Заботясь о благополучии своего монастыря, игумен иногда выезжал в Москву, чтобы подать челобитные или по другим важным делам. Когда игумен уезжал из монастыря, вся братия провожала его за ворота с квасом (так было в Антониево-Сийском монастыре). Игумен угощал иноков, подавая каждому по ковшу кваса. Затем все вместе молились перед дорогой — читали молитву «Достойно есть» и прощались: игумен просил прощения у братии, а те — у него. Благословив иноков, игумен отправлялся в путь. Братия, вернувшись в обитель, служили молебен о здравии путешествующего настоятеля.

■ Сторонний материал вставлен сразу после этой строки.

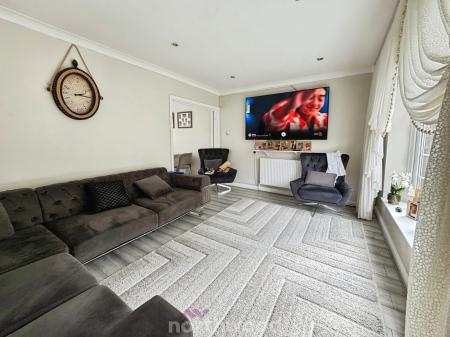 3 bedroom Detached house to let in Miller Close, Thorne, Doncaster, DN8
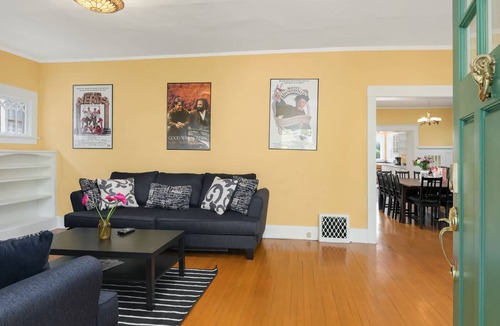 Madrona House | 307 m² House ∙ 8 bedrooms ∙ 23 guests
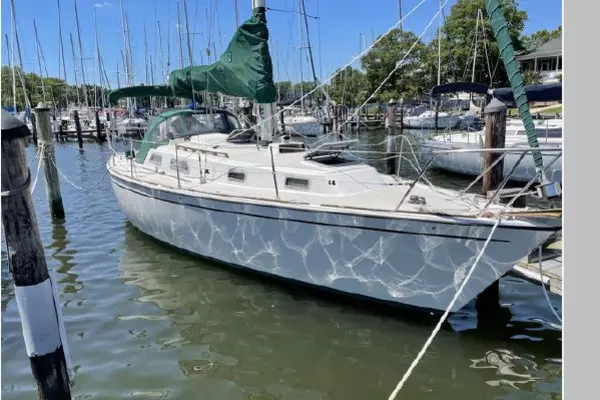 Aeolius 34ft Pearson Yacht For Sale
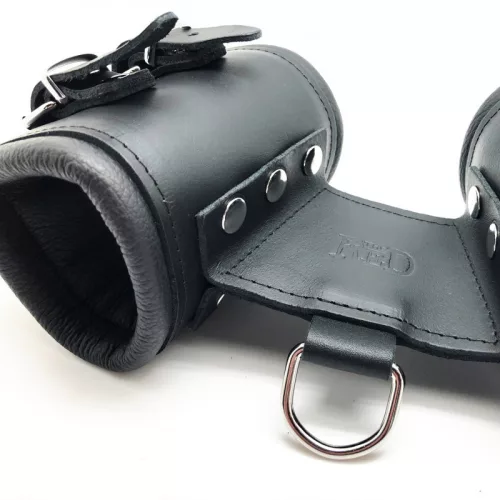 Prémium dupla bőr bilincs - érzéki kötözéshez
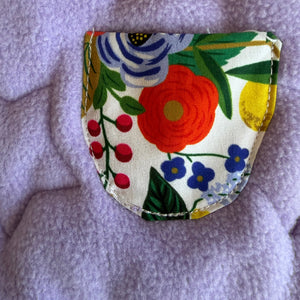 Floral-patterned pocket on lilac fleec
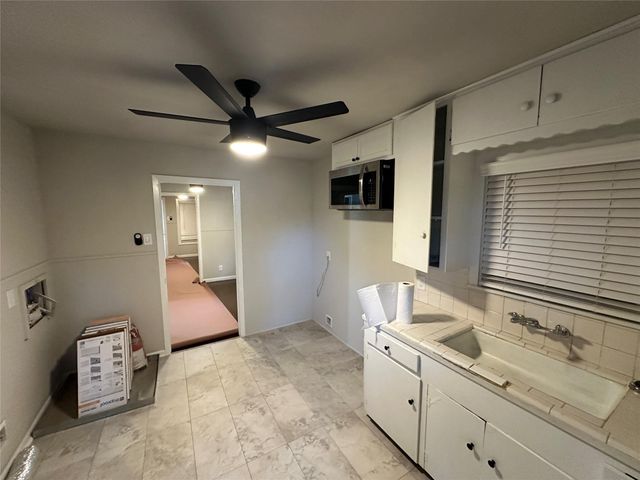 2717 Napoleon Street, Houston, TX 77004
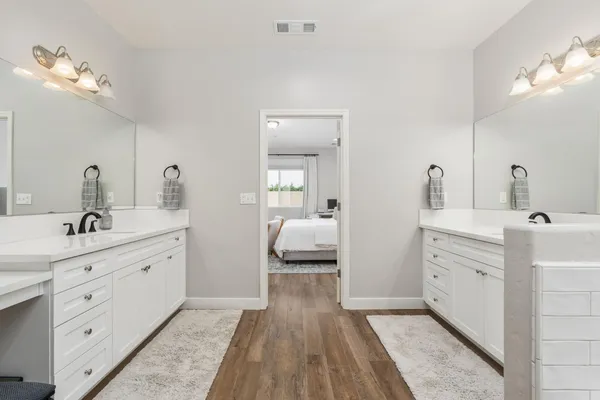 $659,000 | 3428 North Crenshaw Court, Visalia, CA 93291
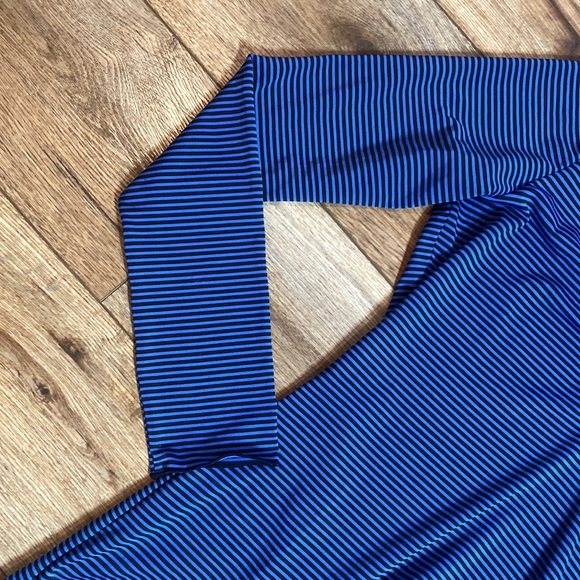 Prana Perry Stripe Hooded Pullover quick drying, UPF 50 - Picture 5 of 10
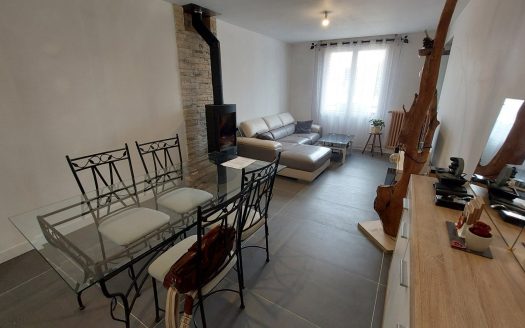 Renovated house 6 km from Soissons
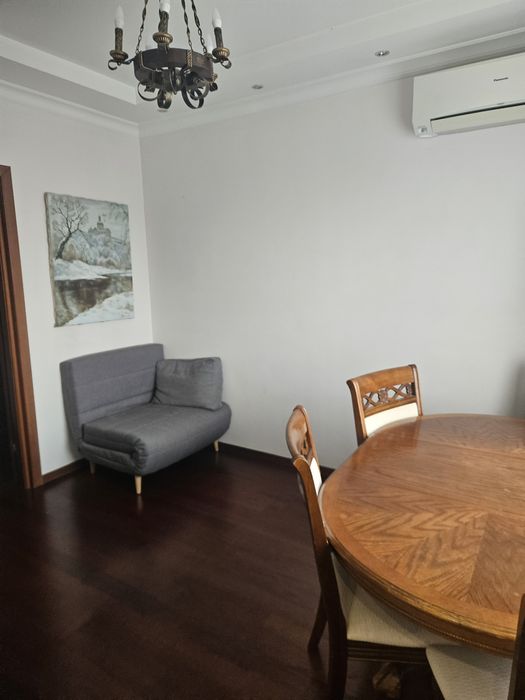 Центр Оренда 2к квартири метро Печерська бульвар Лесі Українки 24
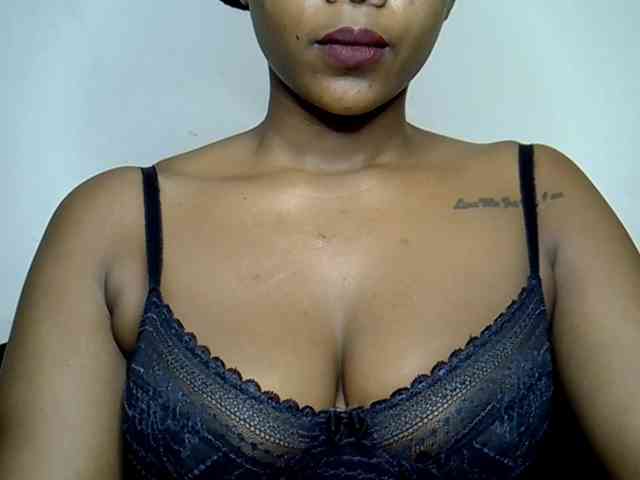 Modelo: SquirtLaylaah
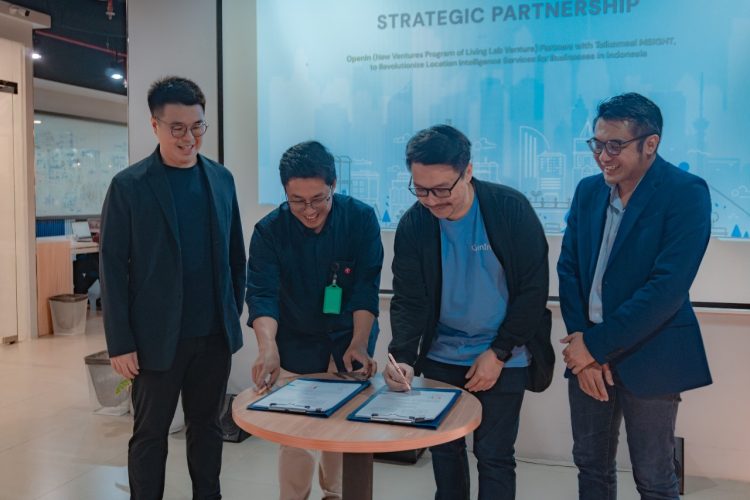 Penandatangan kerjasama OpenIn dengan Telkomsel.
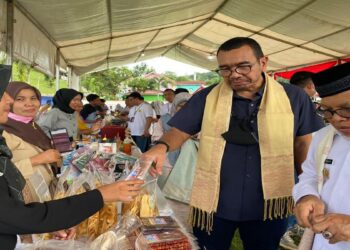 Bantu Pengusaha Pra Sejahtera Naik Kelas, BUMN Gelontorkan Program Mekaar di Sawahlunto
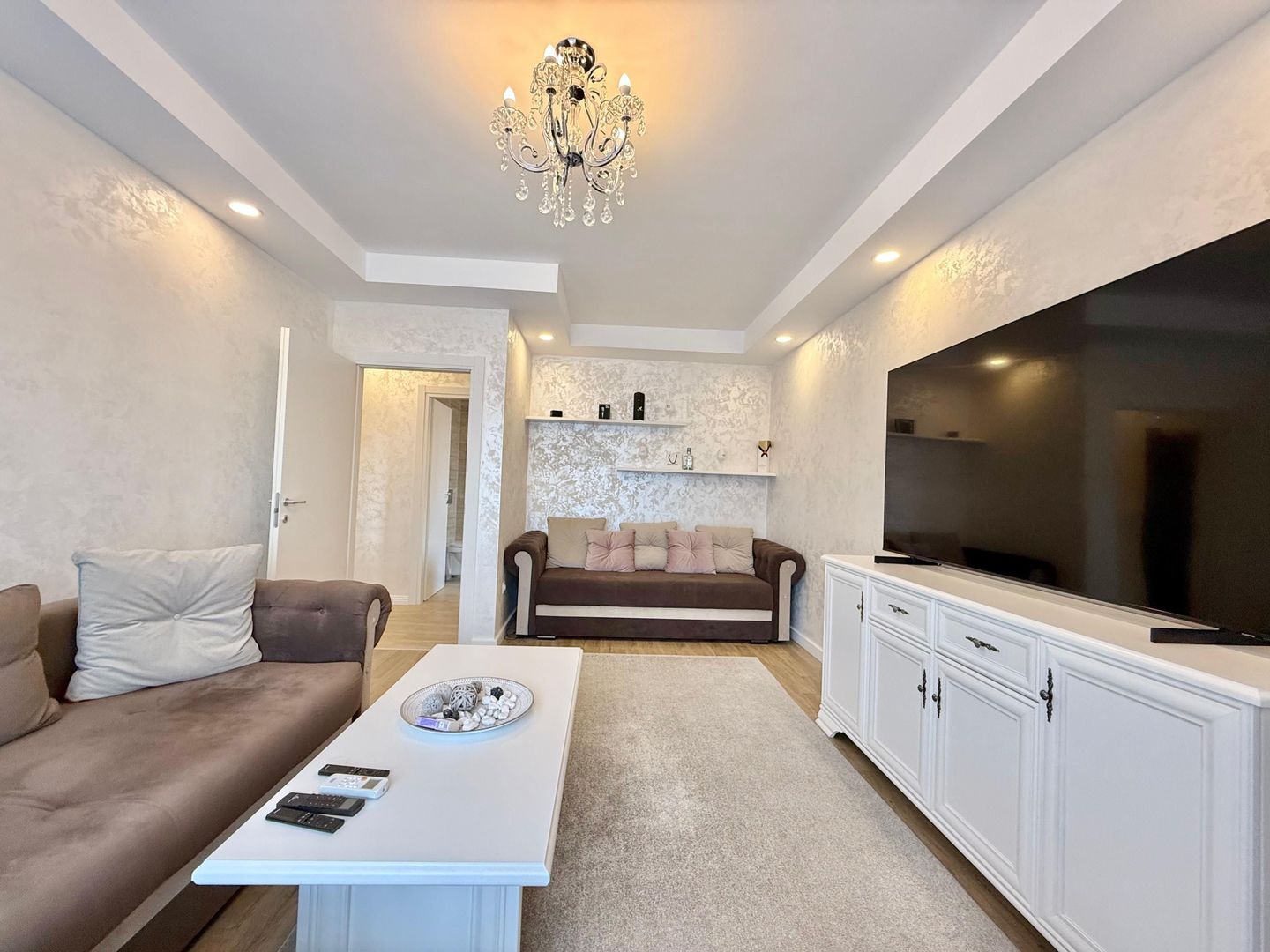 COSMOPOLIS - Apartament cu 3 camere, mobilat si utilat. - Poză 1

В этот день на трапезе монахам полагалось угощение (корм), чтобы дорога у игумена оказалась доброй и благополучной.
Когда игумен возвращался, в монастыре благовестили в колокол, а вся братия, выйдя за ворота, встречала своего отца-настоятеля. Выйдя из возка подальше от Святых врат, настоятель благословлял иноков, все вместе читали молитву «Достойно есть» и, не разговаривая у ворот, шли в храм. Здесь опять читали молитву «Достойно есть» и прикладывались к иконам. Священник выносил игумену из алтаря епитрахиль, а диакон — крест на блюде. Возложив на себя епитрахиль, настоятель благословлял братию крестом. А затем, отдав епитрахиль и крест, рассказывал о своей поездке: передавал от великого князя поклон и пожелания здравия, благословение от епископа и челобитие (просьбу) о молитве от бояр, перечисляя, кто что пожертвовал в монастырь. На трапезе в этот день братию ждало великое утешение (большое угощение) ( Устав Сийского монастыря. Конец XVI–XVII вв. // Горский. С. 407–408).